◆ **INPUT MATERIAL**:
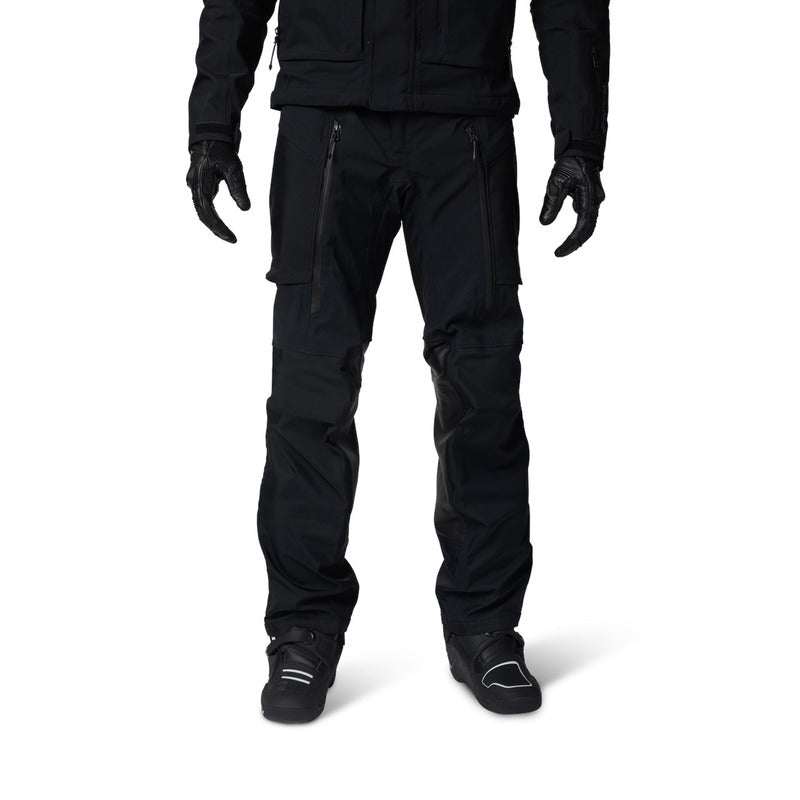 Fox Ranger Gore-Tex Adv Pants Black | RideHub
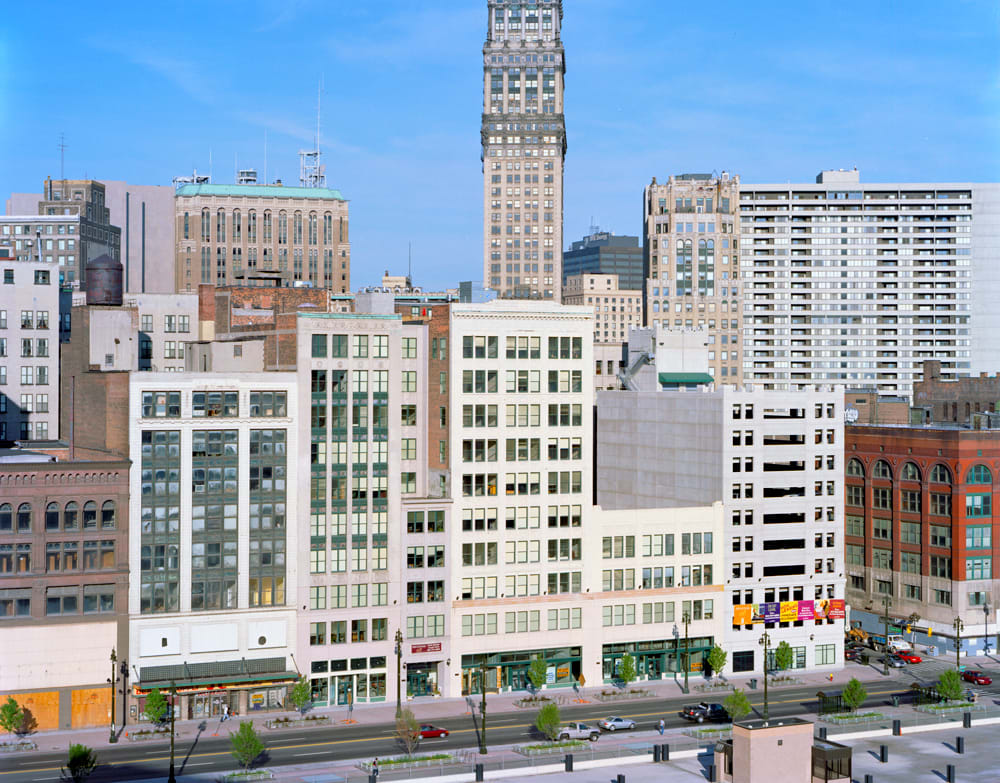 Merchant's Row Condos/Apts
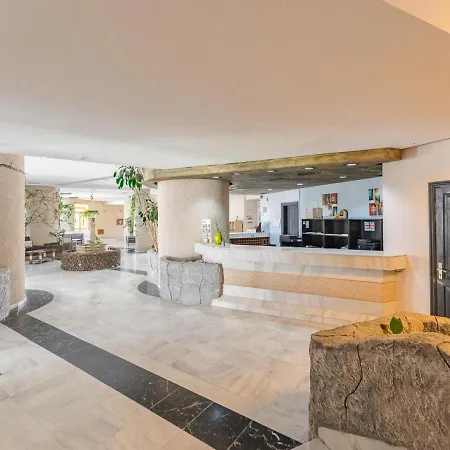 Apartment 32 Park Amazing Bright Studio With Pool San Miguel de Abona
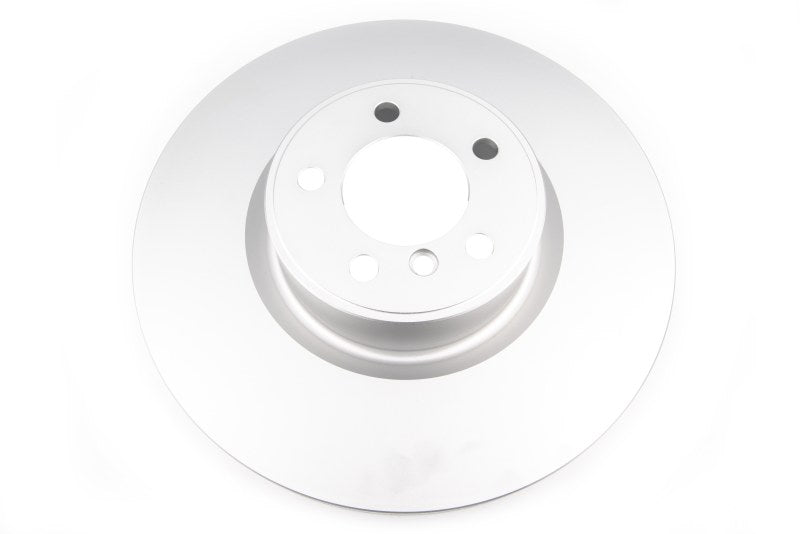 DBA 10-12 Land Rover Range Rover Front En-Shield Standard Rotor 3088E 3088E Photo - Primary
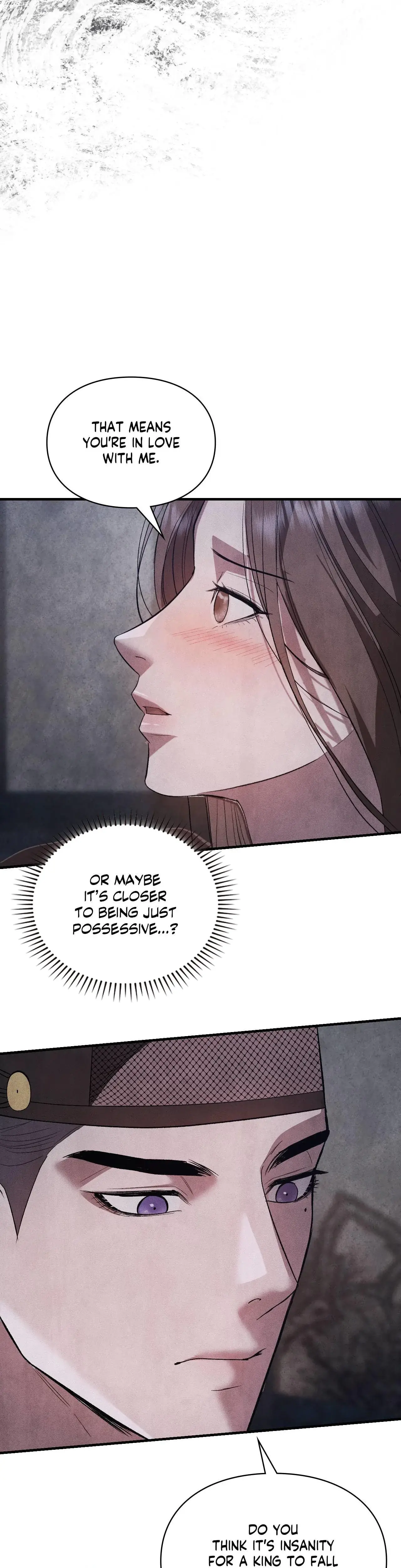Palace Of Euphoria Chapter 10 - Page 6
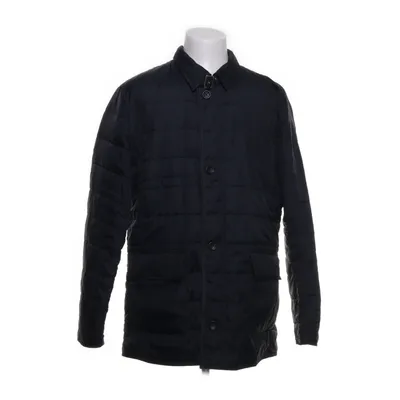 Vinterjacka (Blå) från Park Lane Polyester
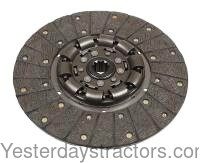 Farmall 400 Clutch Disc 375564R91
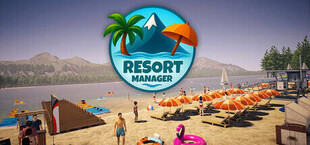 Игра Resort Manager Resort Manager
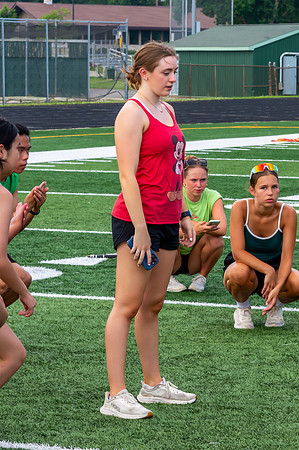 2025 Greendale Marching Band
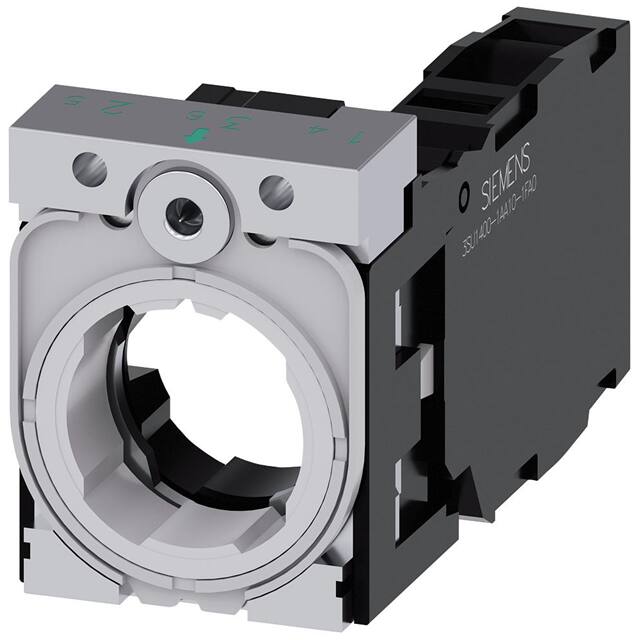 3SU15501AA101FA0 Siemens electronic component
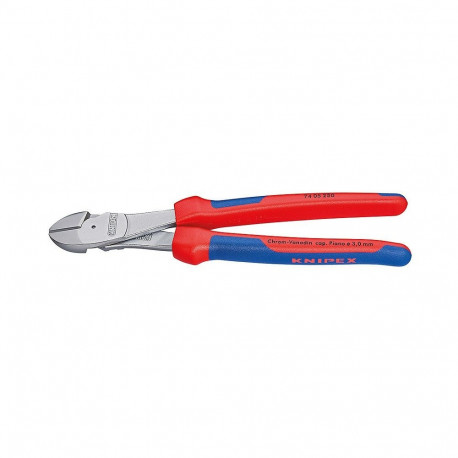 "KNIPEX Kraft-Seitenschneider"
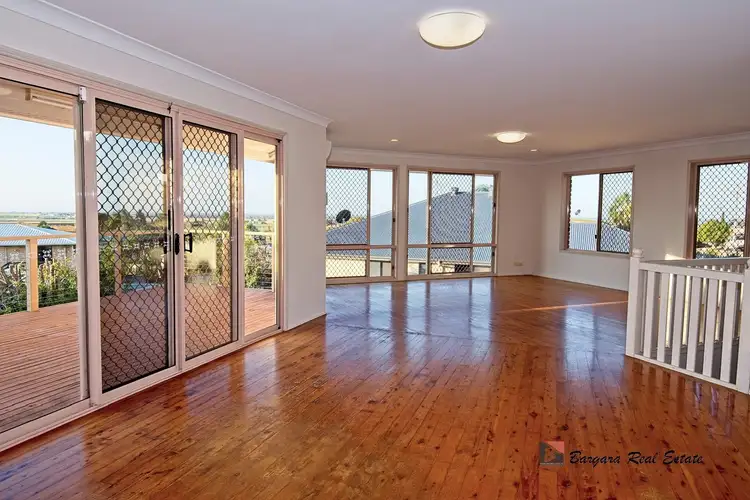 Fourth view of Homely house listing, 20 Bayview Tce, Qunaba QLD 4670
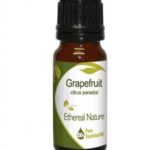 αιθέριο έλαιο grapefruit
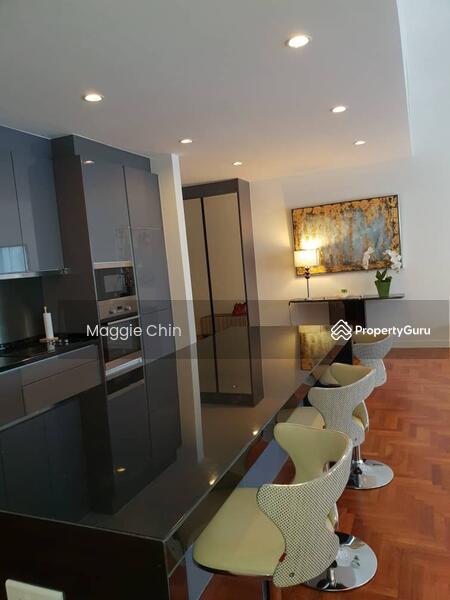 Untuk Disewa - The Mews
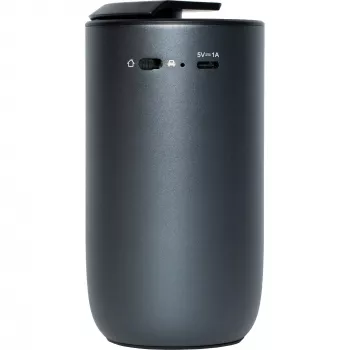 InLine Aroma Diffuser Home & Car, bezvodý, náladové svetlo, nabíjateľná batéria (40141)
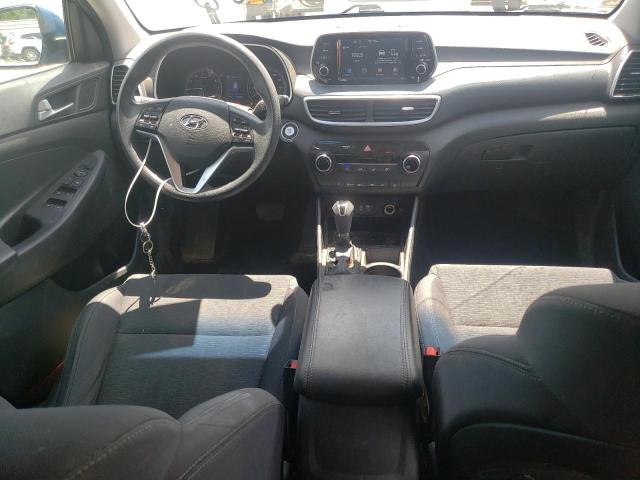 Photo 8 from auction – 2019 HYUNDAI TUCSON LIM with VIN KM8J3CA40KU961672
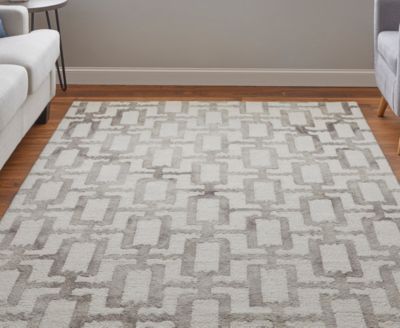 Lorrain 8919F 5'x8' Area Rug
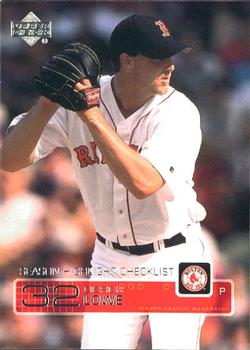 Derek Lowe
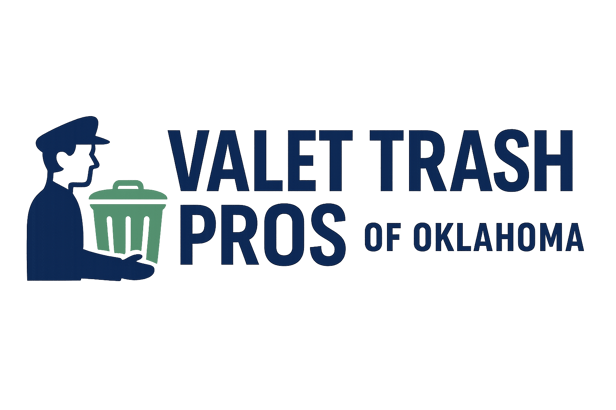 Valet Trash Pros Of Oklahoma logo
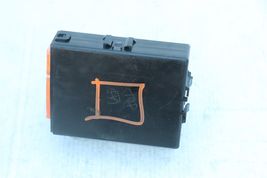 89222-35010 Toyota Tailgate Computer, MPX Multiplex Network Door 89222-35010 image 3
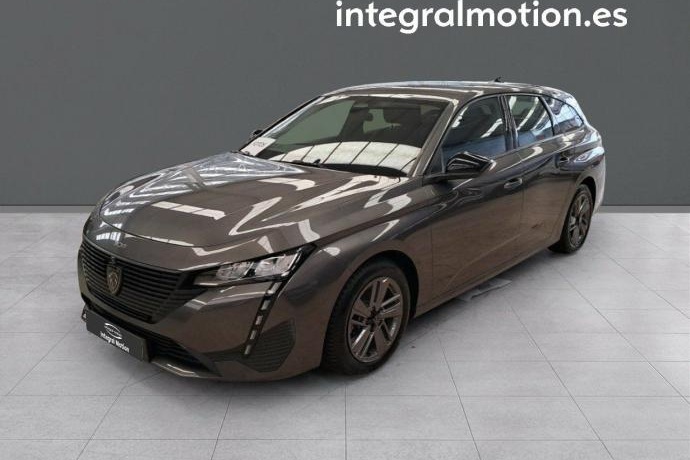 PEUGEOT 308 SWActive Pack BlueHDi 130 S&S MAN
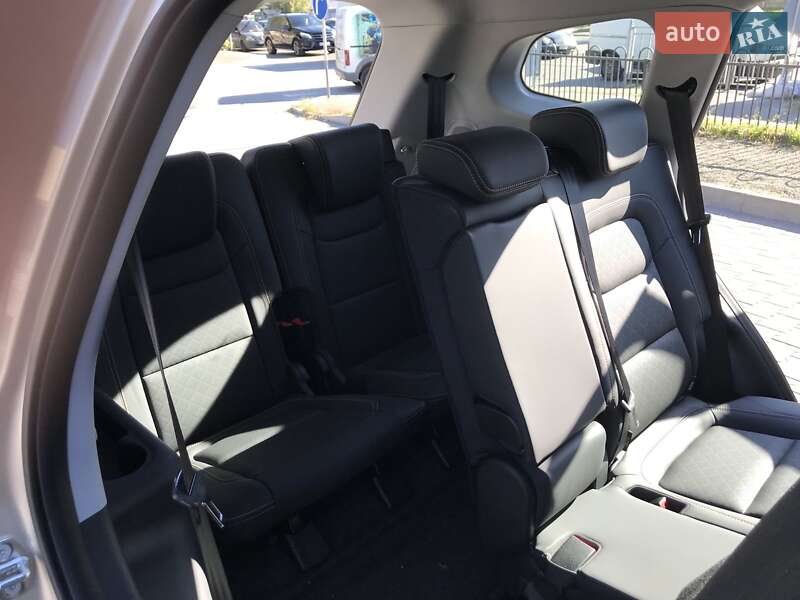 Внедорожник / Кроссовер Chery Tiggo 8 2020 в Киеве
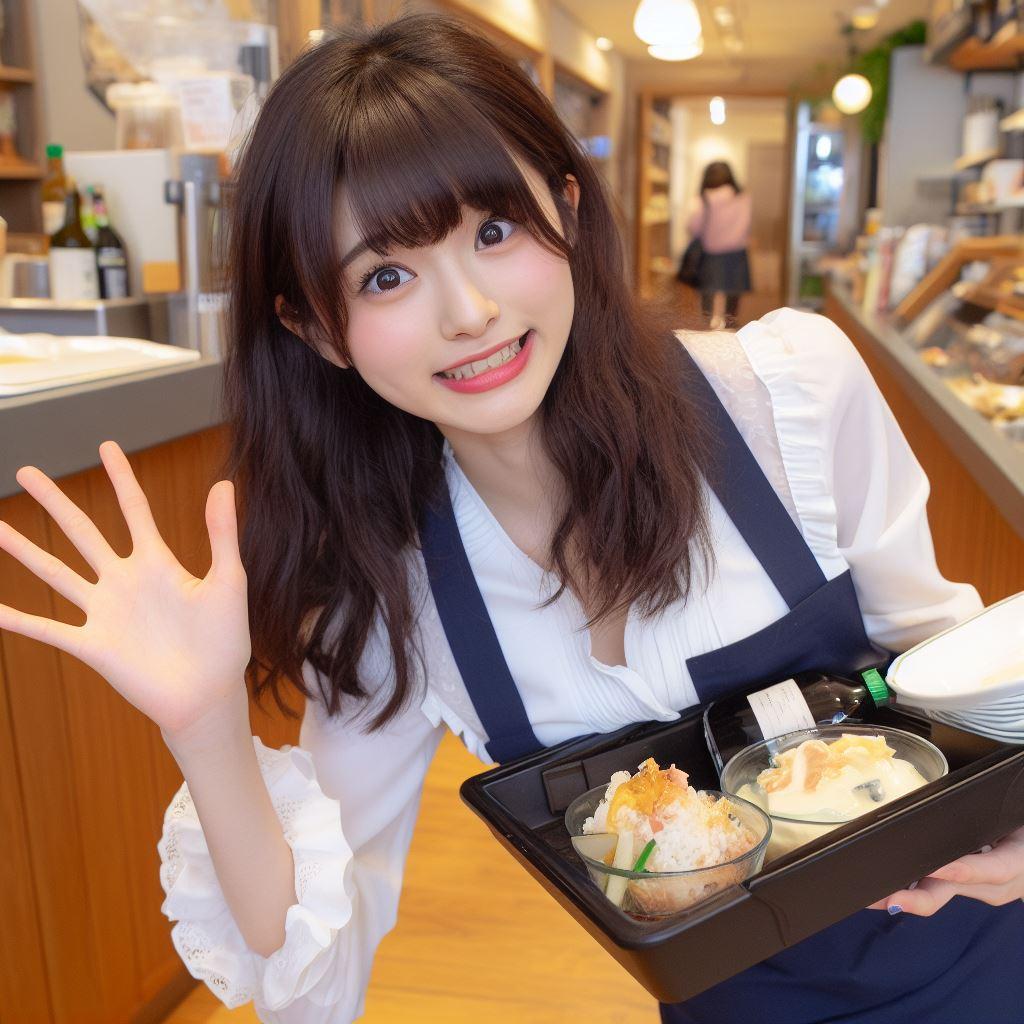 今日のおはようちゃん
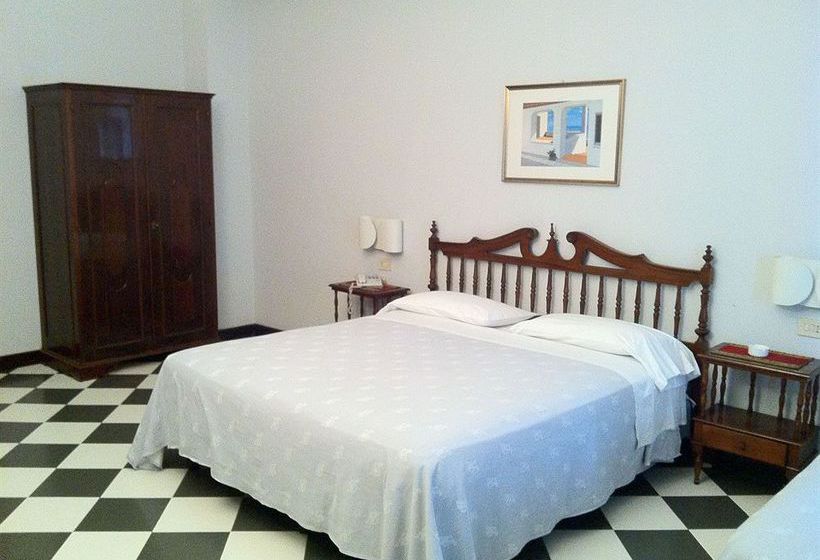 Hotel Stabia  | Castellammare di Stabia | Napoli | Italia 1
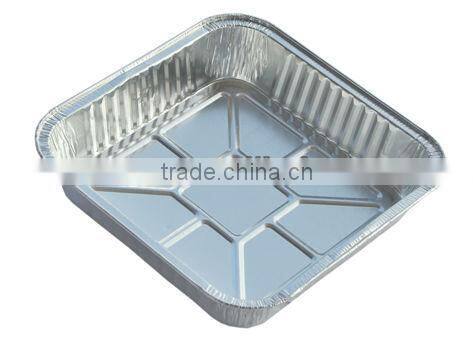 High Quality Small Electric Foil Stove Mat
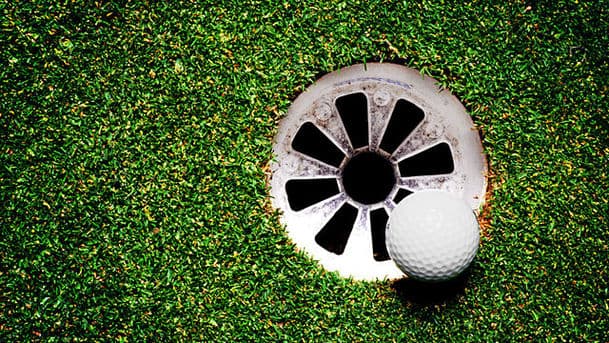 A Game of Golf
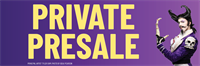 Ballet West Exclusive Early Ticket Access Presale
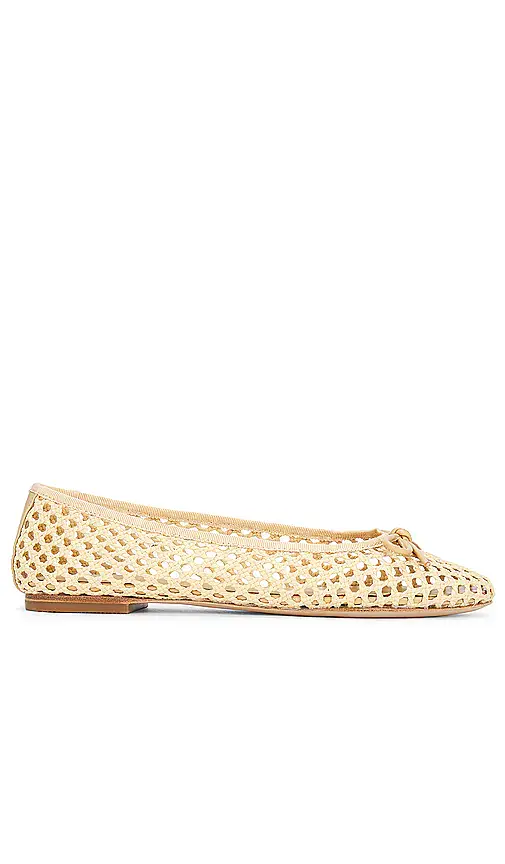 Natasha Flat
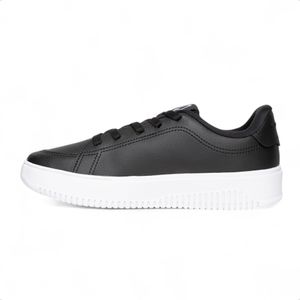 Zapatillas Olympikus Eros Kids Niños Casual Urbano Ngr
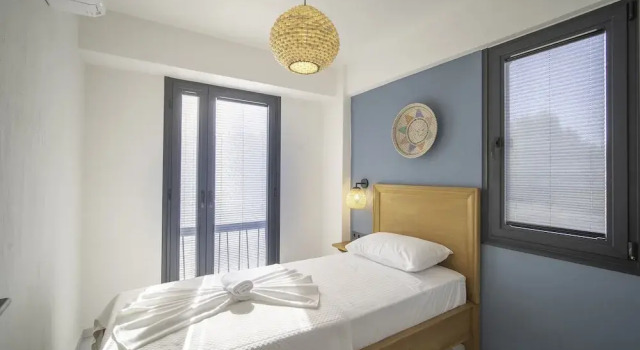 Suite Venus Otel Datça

◆ **EXERCISE GOAL**: Every line above from the one with "Photo 8 from" down to the one with "PEUGEOT 308 SWActive" must be written out exactly, and no picture may appear.

◆ **WRITTEN RESPONSE**:
 Photo 8 from auction – 2019 HYUNDAI TUCSON LIM with VIN KM8J3CA40KU961672
 Lorrain 8919F 5'x8' Area Rug
 Derek Lowe
 Valet Trash Pros Of Oklahoma logo
 89222-35010 Toyota Tailgate Computer, MPX Multiplex Network Door 89222-35010 image 3
 PEUGEOT 308 SWActive Pack BlueHDi 130 S&S MAN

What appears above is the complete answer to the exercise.